Happy New Year! To peace, happiness and prosperity for the new year


----------



## LarryT (May 12, 2009)

Happy New Year!


----------



## Alastrina (Sep 18, 2009)

What a sweet card! I also love hedgie teeth ^_^

Happy New Year to those near and far, may you find happiness and friendship wherever you are!

~Katie


----------



## shetland (Sep 2, 2008)

I'm so sad. I can't imagine a happy new year without my Skeeter.


----------



## susanaproenca (Aug 14, 2010)

Happy New Year everybody!!


----------



## abrowndog (Nov 26, 2010)

Happy New Year to all of you!


----------



## ThePliny (Jun 3, 2010)

Happy New Year from Pliny and I. Cheers!


----------



## hercsmom (Jul 6, 2010)

shetland said:


> I'm so sad. I can't imagine a happy new year without my Skeeter.
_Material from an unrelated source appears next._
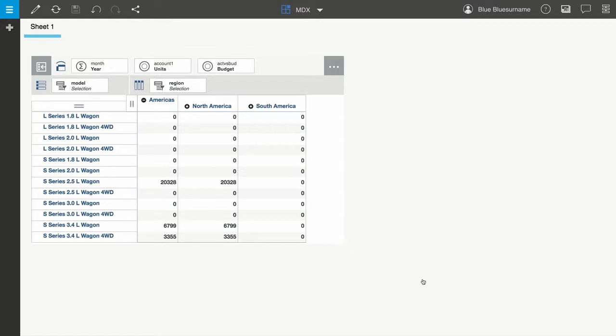So this was a simple example of editing MDX in the Set Editor. You can use any supported MDX function to edit or create a dynamic set in Planning Analytics Workspace.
*hugs* Skeeter would want you to have a happy new year, I hope you do too.

Happy new year everyone!


----------



## Olympia (Aug 4, 2010)

Happy New Year everyone, from Clémentine, Zoé and me.


----------



## K_Sora (Dec 26, 2010)

Happy New Year everyone ^^


----------



## fracturedcircle (May 31, 2010)

i am just so happy that Lancik is still with us!


----------



## MoonbeamHH (May 3, 2010)

Happy New Year! I just pretty much slept through midnight. BUT I had a wonderful sleep. :lol:


----------



## MissC (Nov 15, 2010)

Skeeter will always be with you.  
And hercsmom is right: He'd be telling you to enjoy your New Year ('course it would sound more like huff...puff...snort...snort...huffffffff...PUFF!!!).


----------



## fracturedcircle (May 31, 2010)

MissC said:


> Skeeter will always be with you.
> And hercsmom is right: He'd be telling you to enjoy your New Year ('course it would sound more like huff...puff...snort...snort...huffffffff...PUFF!!!).


Skeeter was a dog.


----------



## MissC (Nov 15, 2010)

fracturedcircle said:


> MissC said:
> 
> 
> > Skeeter will always be with you.
> ...


oooops...my bad...in that case, skeeter would be saying....woof...ruff...snort...huff...WOOF!!


----------



## tie-dye hedgie (Dec 19, 2009)

Hope everyone had a safe and happy new year.


----------